Dalam sambutannya, Cik Ujang menegaskan bahwa percepatan elektronifikasi transaksi pemerintah daerah (ETPD) tidak hanya bertujuan memperbaiki efisiensi pengelolaan keuangan publik, tetapi juga membuka peluang peningkatan Pendapatan Asli Daerah (PAD).
“Ketika masyarakat merasa nyaman melakukan pembayaran secara digital, penerimaan daerah akan meningkat. Hal itu akan kami kembalikan dalam bentuk layanan dan pembangunan untuk masyarakat,” ujarnya.
Ia juga menyebutkan bahwa Pemerintah Provinsi Sumsel berkomitmen menjadikan digitalisasi sebagai tulang punggung transformasi ekonomi daerah, yang bersinergi langsung dengan program pengendalian inflasi.
Hingga pertengahan tahun 2025, inflasi Sumsel tercatat berada di level 1,88 persen. Meskipun relatif terkendali, Cik Ujang mengingatkan seluruh kepala daerah agar tetap waspada terhadap pergerakan harga kebutuhan pokok.

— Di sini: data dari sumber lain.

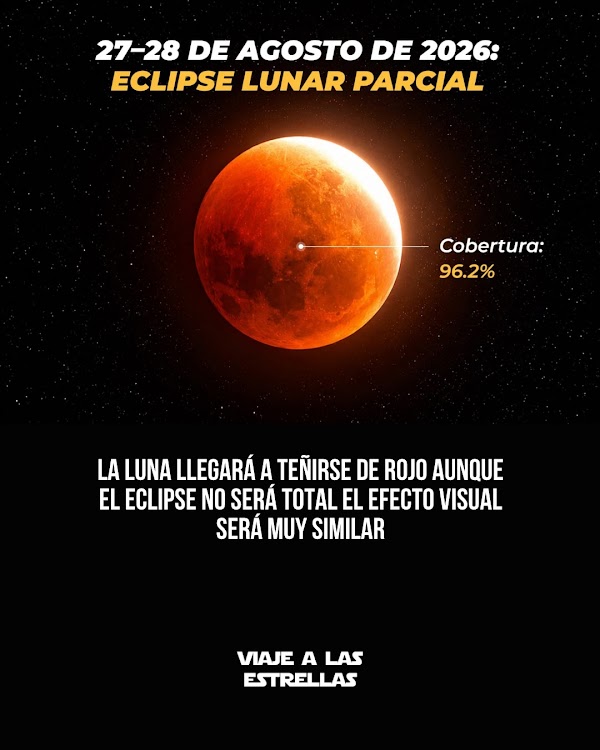 Eclipse Parcial de Luna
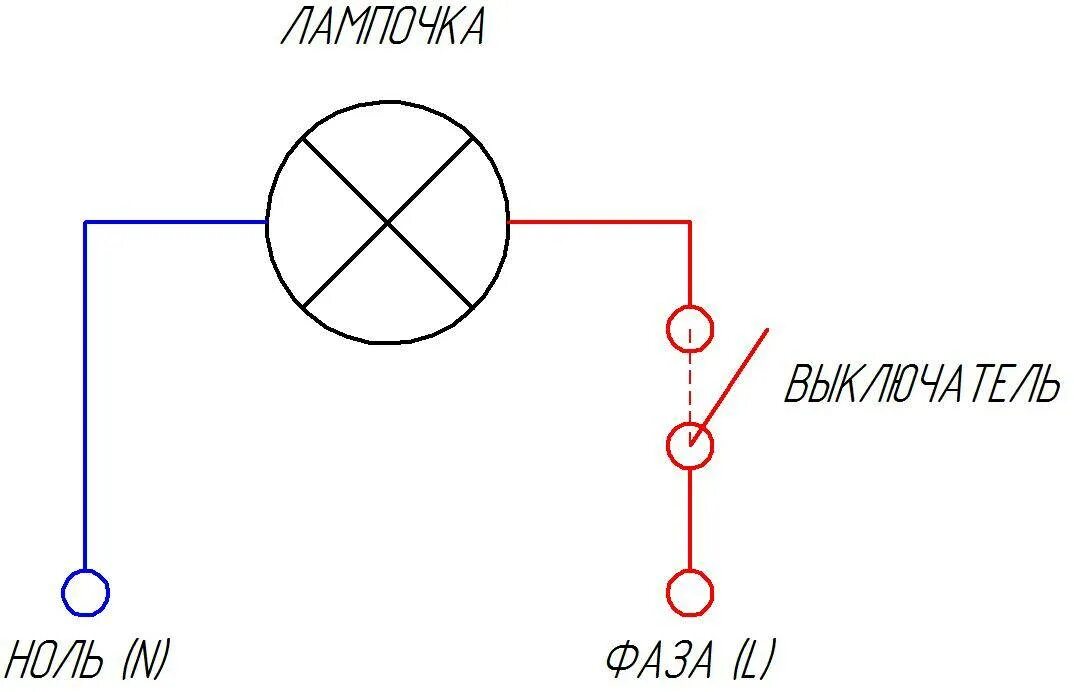 Подсоединение лампочки через выключатель схема подключения Схема подключения выключателя света с одной клавишей: инструкция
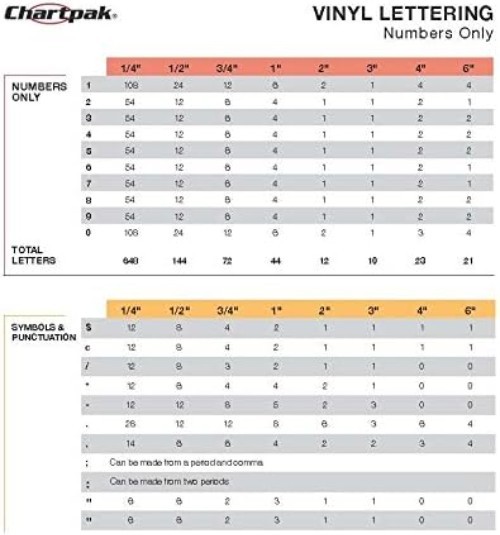 Creative Self-Adhesive Vinyl Letters and Numbers Set – 610pcs, 1/4 Inch White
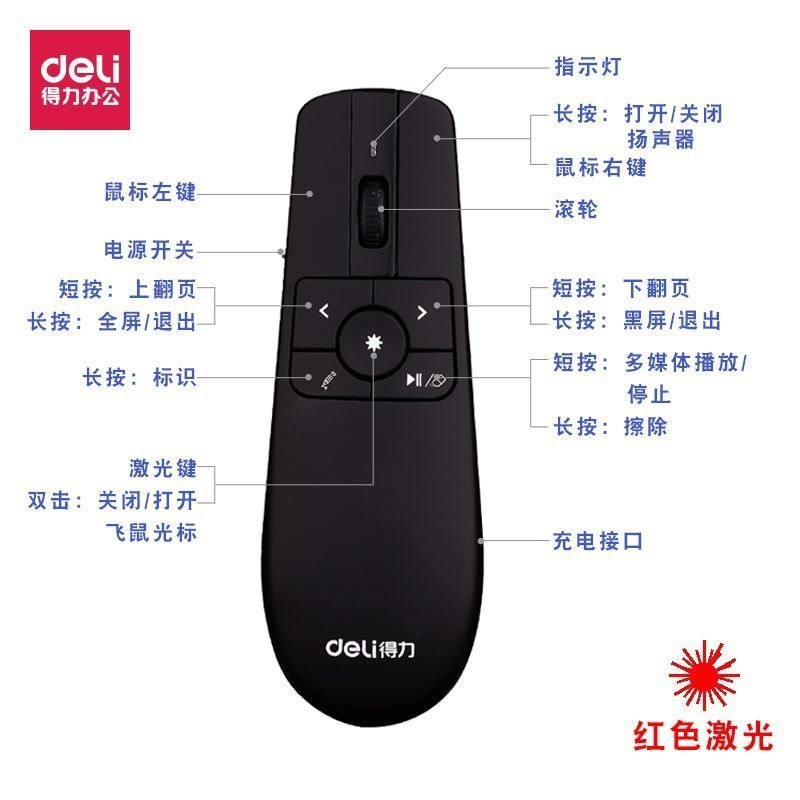 得力2803激光笔空中飞鼠 可充电翻页笔/PPT翻页笔deli2803 Y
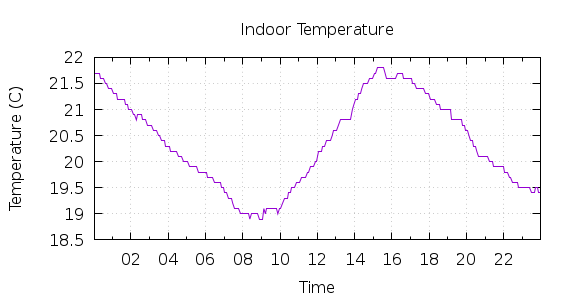 [1-day Indoor Temperature]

“Jangan lengah. Distribusi dan ketersediaan bahan pangan seperti beras, cabai, bawang, serta daging ayam harus tetap terjaga,” tegasnya.
Ia juga mendorong penguatan Gerakan Sumsel Mandiri Pangan (GSMP) serta kerja sama lintas kabupaten dan kota guna menciptakan ketahanan pangan yang berkelanjutan di tingkat lokal.
Di kesempatan yang sama, Kepala Perwakilan Bank Indonesia Provinsi Sumatera Selatan, Bambang Pramono, mengungkapkan bahwa sektor makanan, transportasi, pendidikan, serta pakaian dan alas kaki masih menjadi penyumbang utama inflasi di daerah.
Selain itu, ia menyoroti potensi tekanan dari inflasi inti, terutama akibat kenaikan harga komoditas seperti kopi dan emas, yang bisa berdampak pada daya beli masyarakat.
“Solusi jangka menengah yang kami dorong meliputi digitalisasi di sektor pertanian, pemanfaatan social funding, hingga model korporatisasi petani agar mereka lebih mudah mengakses pembiayaan,” jelas Bambang.
Kegiatan ini turut dihadiri oleh pejabat lintas instansi, termasuk dari Kementerian Koordinator Bidang Perekonomian, Otoritas Jasa Keuangan (OJK), Badan Pusat Statistik (BPS), BMKG, serta para kepala daerah se-Sumatera Selatan.